Endişelenmeyi redederek onun getireceği gerginlikten de uzak dururlar. Endişeyi bilmezler, bu onların bir parçası
değildir. Her zaman sakin değillerdir ama hiçbir değiştirme şansları olmayan
gelecek olaylar hakkında korku duyarak zamanlarını da harcamazlar. Hep bu güne
yaşadıkları ana bakarlar ve şu iç sinyale sahiptirler: Endişlendiğimde yaşamımı
boşa harcamış olurum. Bu anda yaşamalıyım. Bu sağlıklı insanlar
bağımsızlıklarına çok düşkündürler. Yuvayı çoktan terk etmişlerdir ve aileye
güçlü bir sevgi ve bağlılık duymalarına rağmen, tüm ilişkilerinde bağımsız
olmaya özen gösterirler. Demokratiktirler. Özgürlüklerini beklentilerinden
soyutlamışlardır. Kurdukları ilişkilerin temeli, bireylerin kendi kararlarını
verme hakkına karşılıklı olarak duyulan saygıdır. Sevgi anlayışları sevdikleri
kişiye hiçbir değeri zorla kabul ettirmemeyi gerektirir. Bu insanları
gözlediğinizde, toplumsal kurallara aldırmadıklarını görürsünüz. Asi
değillerdir, ama tercihleri başkalarının yaptıklarıyla çelişse bile seçtikleri
yolu izlerler. Anlamsız kurallar gördüklerinde dikkate almaz, çoğu insanın
yaşamının önemli bir parçası olan geleneklerden sessizce sakınırlar. Kokteyl ve
partilerin insanı değillerdir. Sırf nazik olmak için sohbetlere katılmazlar.

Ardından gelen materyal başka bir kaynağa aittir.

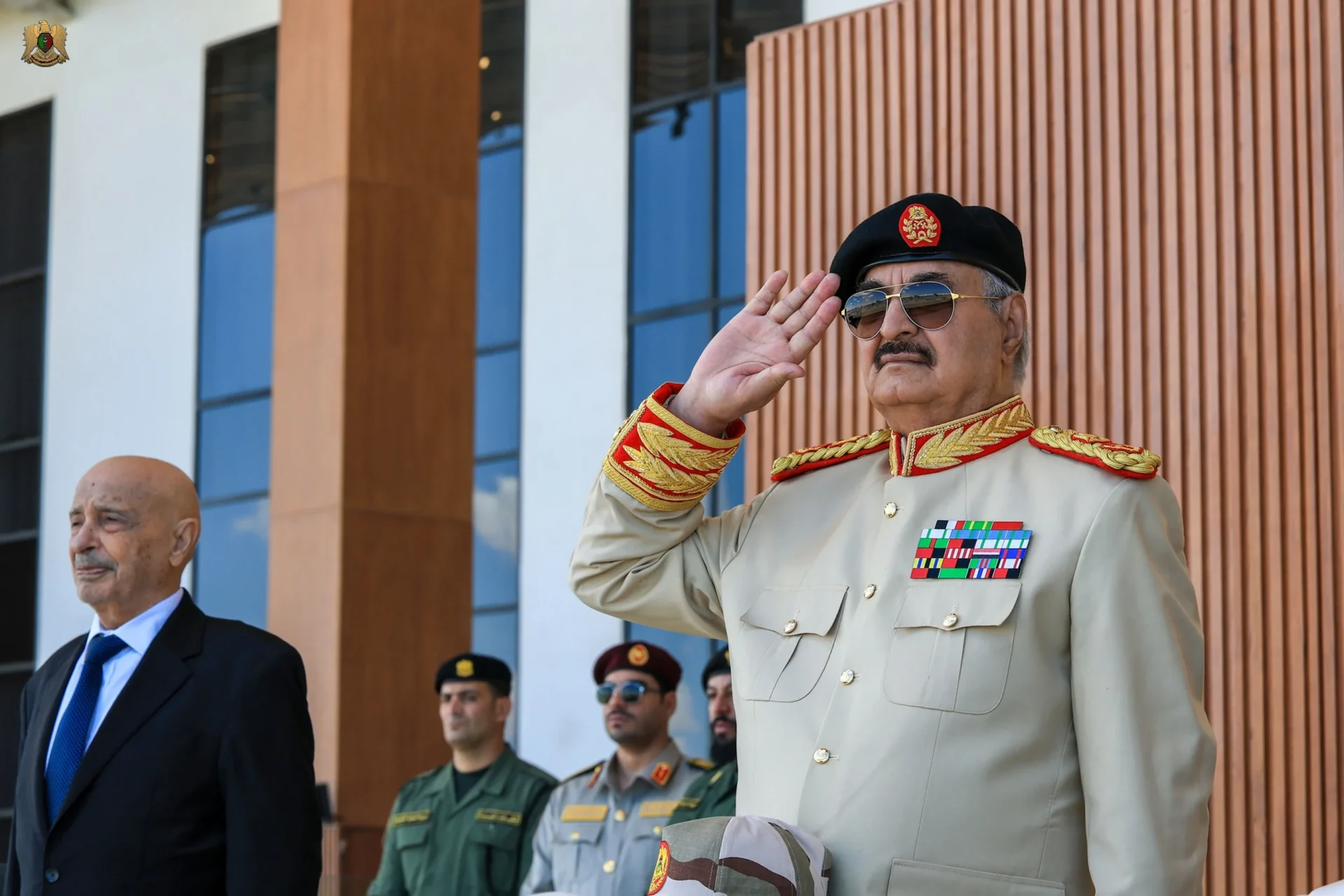 ΕΚΤΑΚΤΟ: Ο Χαφτάρ πέταξε έξω Ελλάδα, Ιταλία, Μάλτα, ΕΕ - «Persona non grata» η απάντηση στο μεταναστευτικό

Kendileri için yaşarlar; toplumu yaşamlarının önemli bir parçası olarak
görmelerine rağmen, toplum tarafından yönetilmeye ya da onun bir kölesi olmaya
karşı çıkarlar. Mesafeleri iyi ayarlarlar. İsyancı saldırılarda bulunmazlar,
ama mantıklı ve sağlam düşünce tarzları sayesinde neyi ne zaman kabul edip
rededeceklerini bilirler. Yerinde tepkiler gösterirler. Yancı, taraf
değillerdir. Kahramanları ya da putlaştırdıkları insanları yoktur. Herkesi
insan olarak görür ve hiç kimseyi
kendilerinden üstün bir konuma getirmezler. Öngörüleri gelişmiştir. İnsan
tasfirlerini zamanında çözerler. Her köşe başında adalet talep etmezler. Başka
birisi daha çok avantaja sahip olduğunda bunu mutsuz olmak için gerekçe saymak
yerine, onun adına mutluluk duyarlar. Başkalarının başarılarını takdir etmeyi bilirler.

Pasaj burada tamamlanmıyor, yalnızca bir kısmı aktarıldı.